When my cousin first announced Asheville as the venue for her early October wedding, I immediately knew I would be driving down a day early to have my first experience with the Great Smoky Mountain Elk. I've spent a decent amount of time out west in Rocky Mountain NP, photographing and observing Elk during the rut and its hard to match the feeling of a bull Elk bugle, reverberating through your body. I had always wanted to visit the reintroduced Elk of Appalachia and this was the perfect opportunity.
Up until the late 1700's, Elk were a common site in southern Appalachia and elsewhere in the mountainous regions of the eastern U.S. Due to overhunting and habitat loss though, the Elk were completely wiped out from this region by 1800. However, all of that changed in 2001/2002 when the National Park Service successfully (for the most part) re-introduced them to the park.
The day before the wedding, I woke up well before the sun and quickly drove the approximate 40 miles to Cataloochee Valley. The first half of the drive is a breeze, with the second half consisting of winding dirt roads as you descend into the valley floor. Finding Elk was relatively easy, as there were roughly 5 other cars that had already arrived before me and photographers were getting out armed with their telephoto lenses. I quickly parked along the road, making sure not to block the path of other vehicles, and stepped out of the car to get a better view of the small herd moving through the fog. It didn't take long for the dominant bull in the field to start bugling and without firing a single shot I knew the trip had been a success. Hell yes!

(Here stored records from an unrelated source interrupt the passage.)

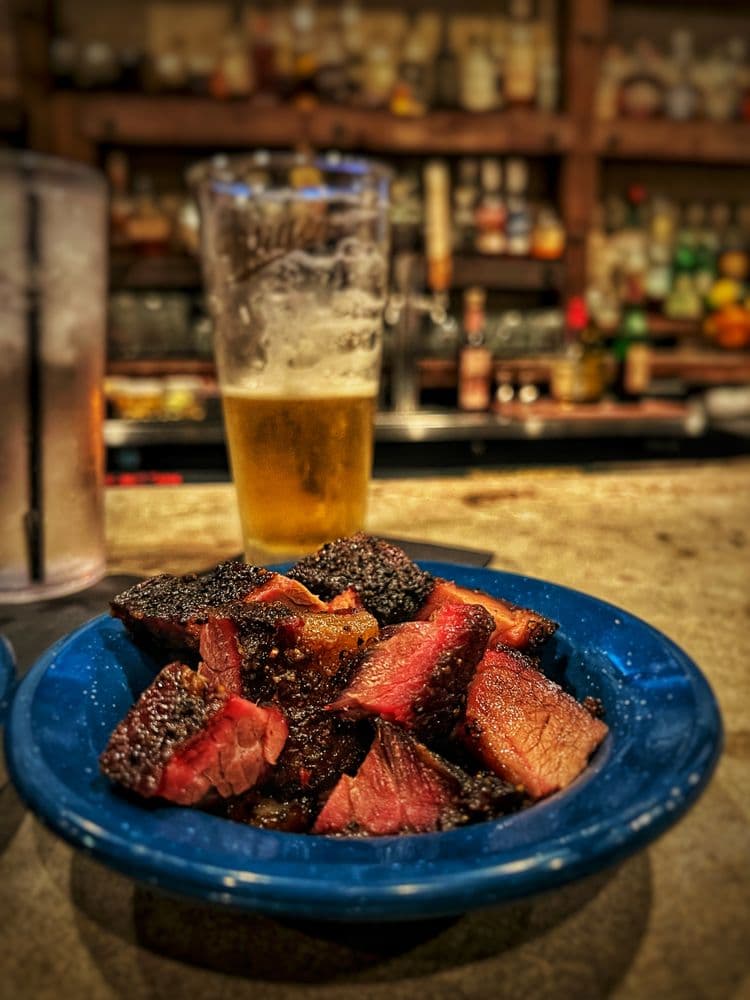 MOJO no.4 Urban BBQ Whiskey Bar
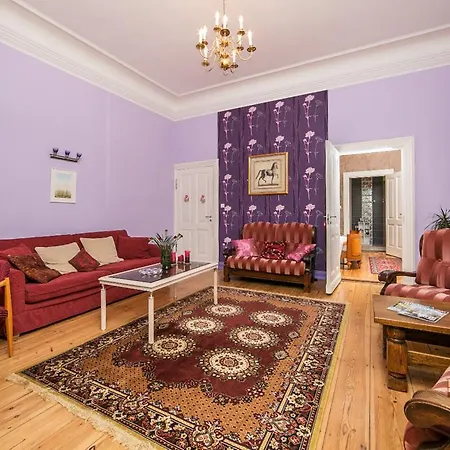 Kursi Hunting Manor Hotel Puurmani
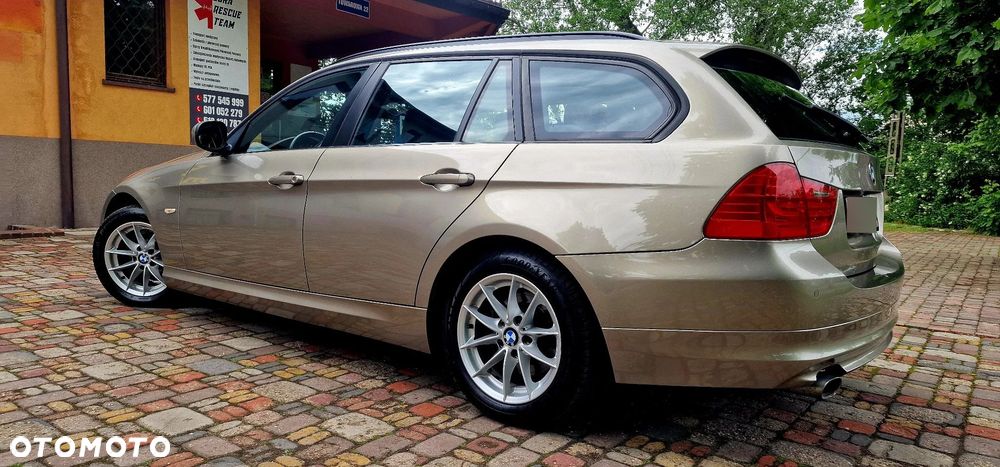 BMW Seria 3 320d DPF Edition Sport - 24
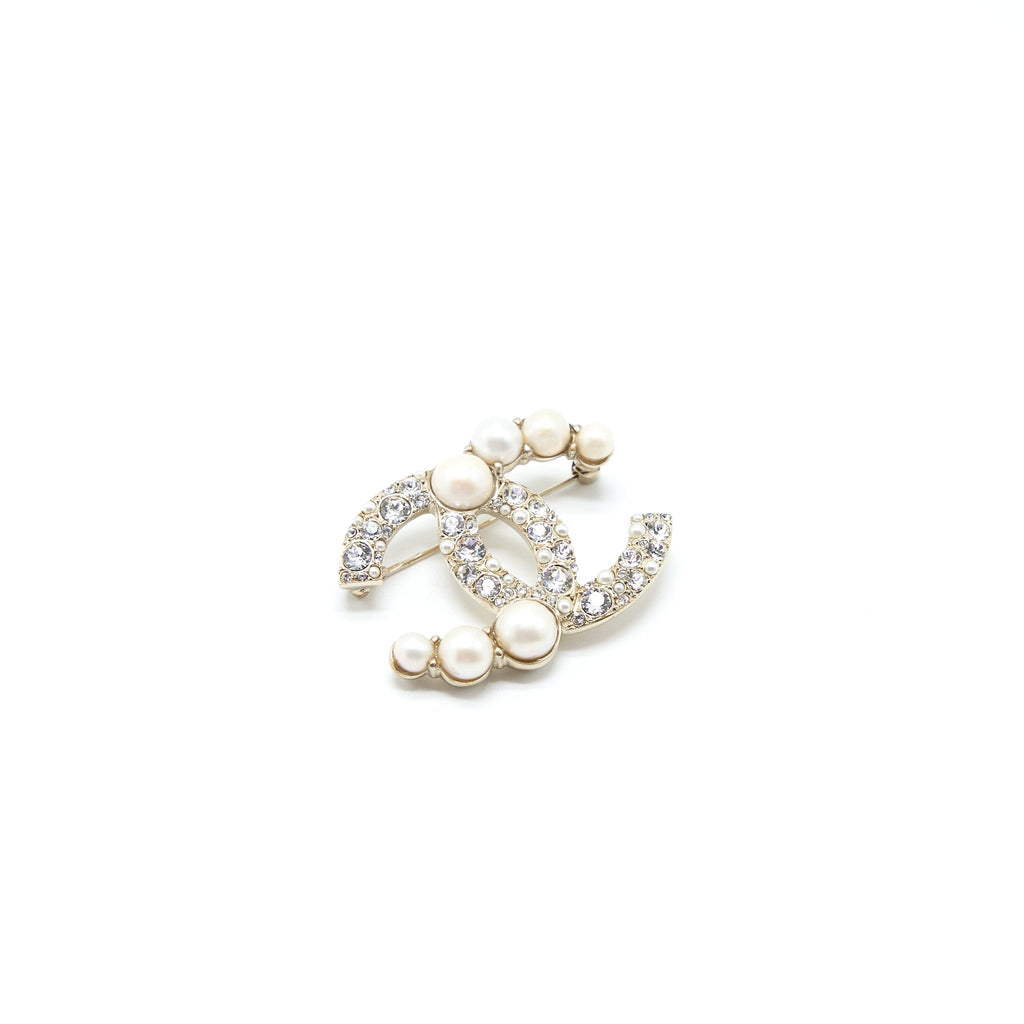 CHANEL CC LOGO BROOCH CRYSTAL/PEARL LIGHT GOLD TONE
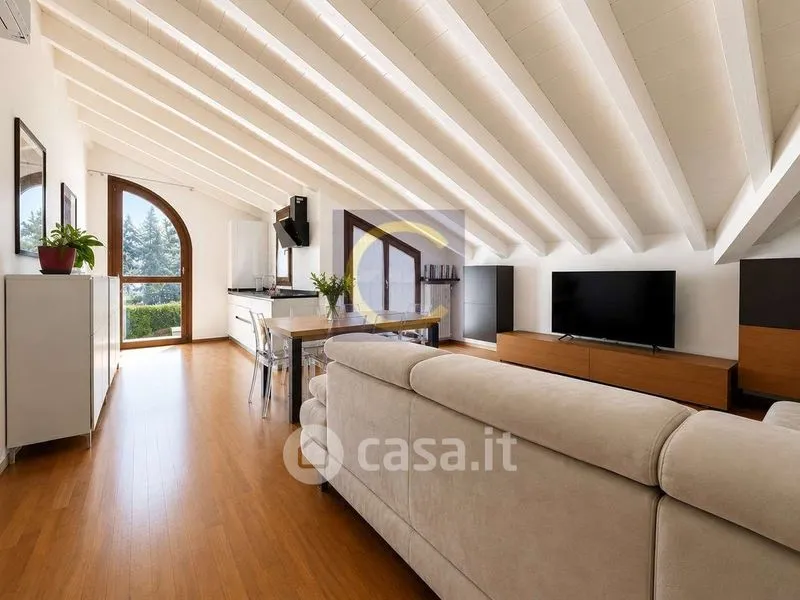 Séjour - Mansarded Apartment with Panoramic View in Appiano Gentile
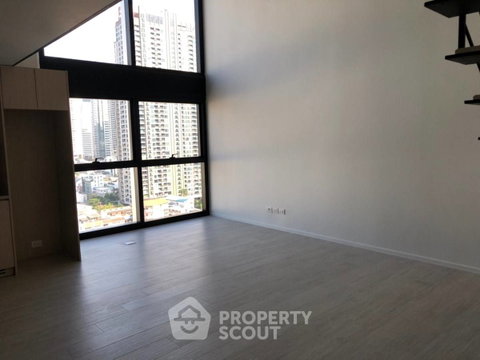 คอนโด 1 ห้องนอน ขาย The Lofts Silom ใกล้ BTS สถานีสุรศักดิ์ 400 ม. (ID 2873586)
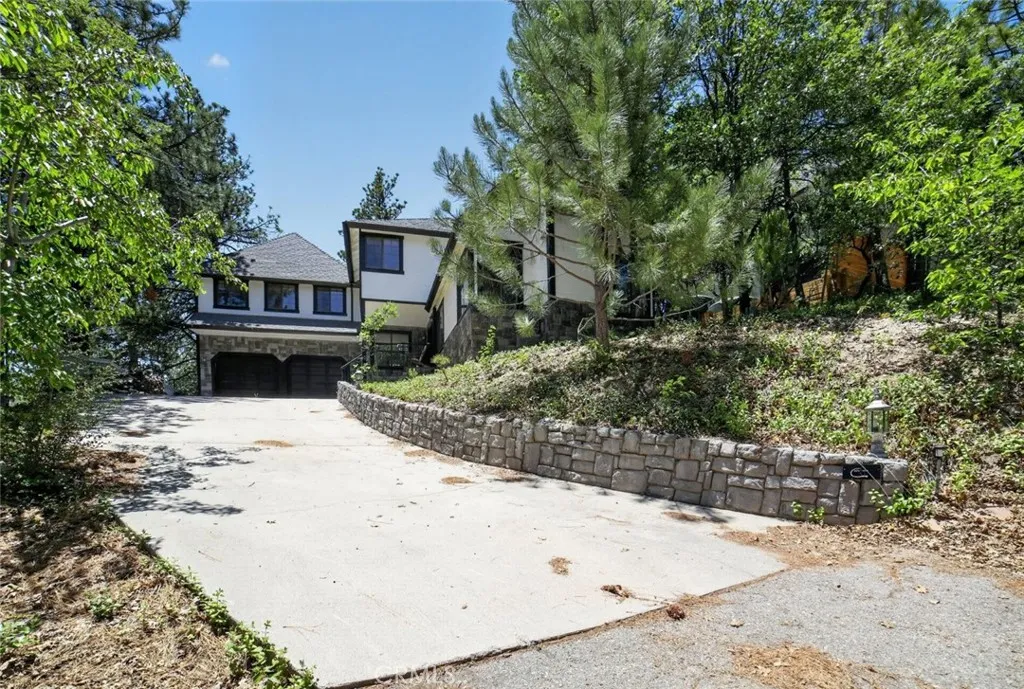 1198 Montreal Drive, Lake Arrowhead, California 92352 — photo 4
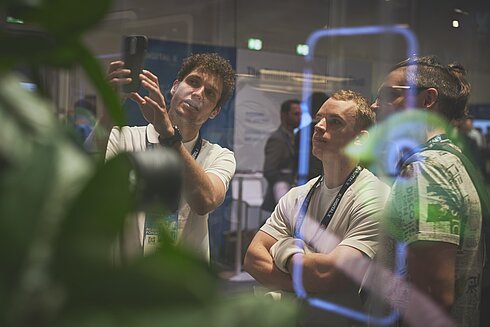 Demonstration der zintoo:App auf der Digital X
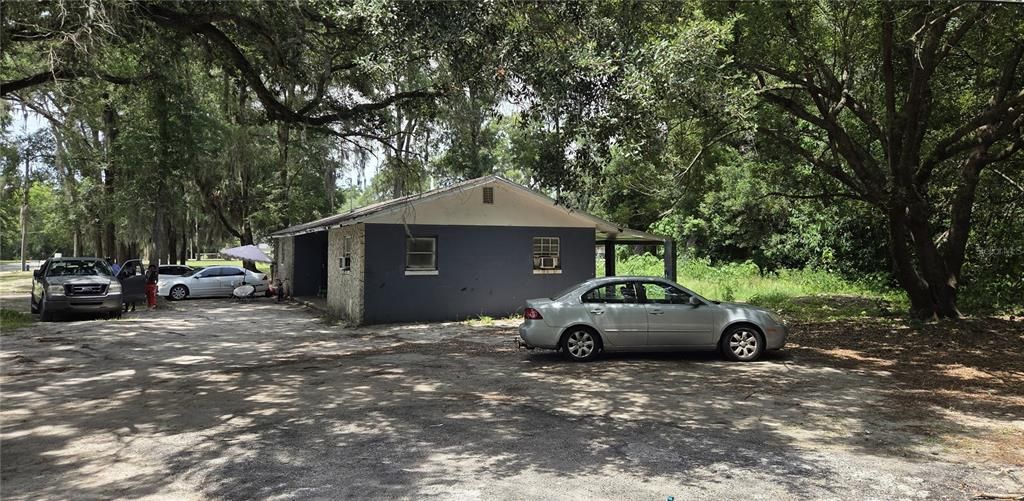 For Sale: $425,000 (8 beds, 0 baths, 2716 Square Feet)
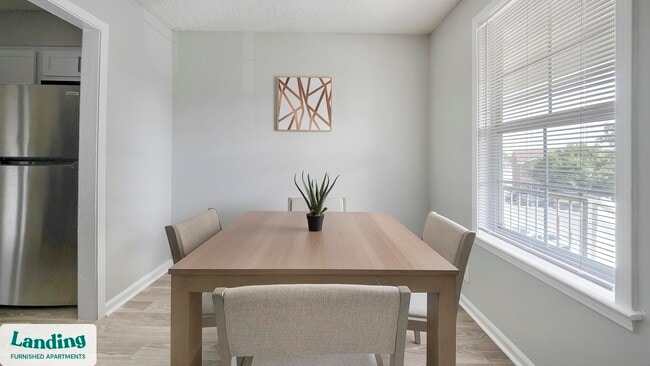 Building Photo - 231 New Shackle Island Rd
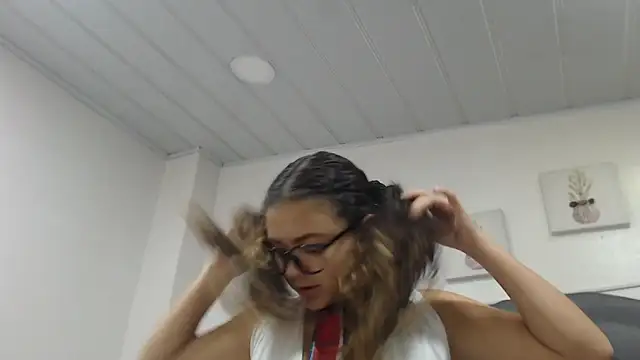 Giia Monroe online show from October 31, 2:51 pm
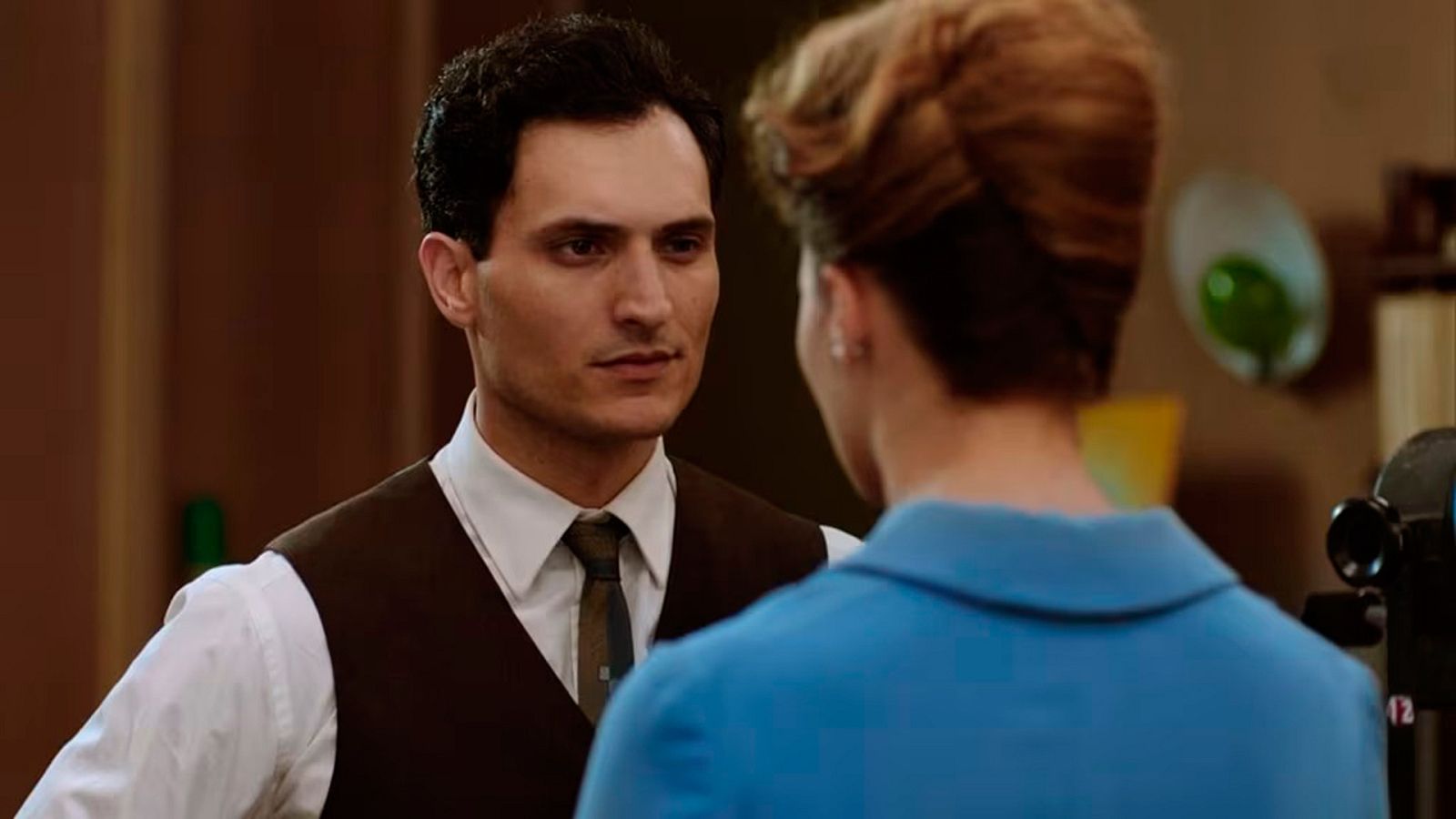 El paraíso de las señoras - T1 - Episodio 9: El beso - Ver ahora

Over the next three hours, I slowly followed a dominant bull and his harem as they moved between the different meadows throughout the valley to feed. The fog was the perfect backdrop to the photo I had imagined in my head and really gave the morning a very eerie and ghostly feeling. There were times when it was hard to work with, as everything was covered in a white cloud but patience often prevailed when the Elk would move to the front of the fog, allowing for a sharp shot with the foggy backdrop. There were roughly 10 cows in this bulls harem and at times he would come within 25 yards (I was safely behind my car) and chase smaller, satellite bulls away and quickly return to the meadow to feed and follow his cows. Those moments were the perfect photo opportunity as he would often bugle and pose perfectly with steam coming from his mouth. The hair on my neck would stand up almost every time he came that close, such an incredible feeling. Around 10 AM, just as the light was hitting the valley floor and the temperature was starting to increase, all of the Elk disappeared into the shade of the forest just as I anticipated. Overall, it was well worth the early morning trip and in the future I might plan for a long camping weekend in order to spend more time with these incredible animals.
Camera: Canon 7d Mark II
Lens: Canon 70-300mm f4/5.6L
Get there well before the sun is up as the Elk are usually only active in the early mornings and late evenings.
Rut begins in September and goes throughout October.
Allow at least 40 minutes once you get off the highway to reach the valley. The road is in good shape but it is dirt and littered with pot holes.
Don't enter the meadows as it's against the law during the rut.
Stay by your car and never approach the Elk.
Don't forget your wide-angle lens as you can often get high quality shots framing the Elk with the surrounding peaks.
Have fun out there!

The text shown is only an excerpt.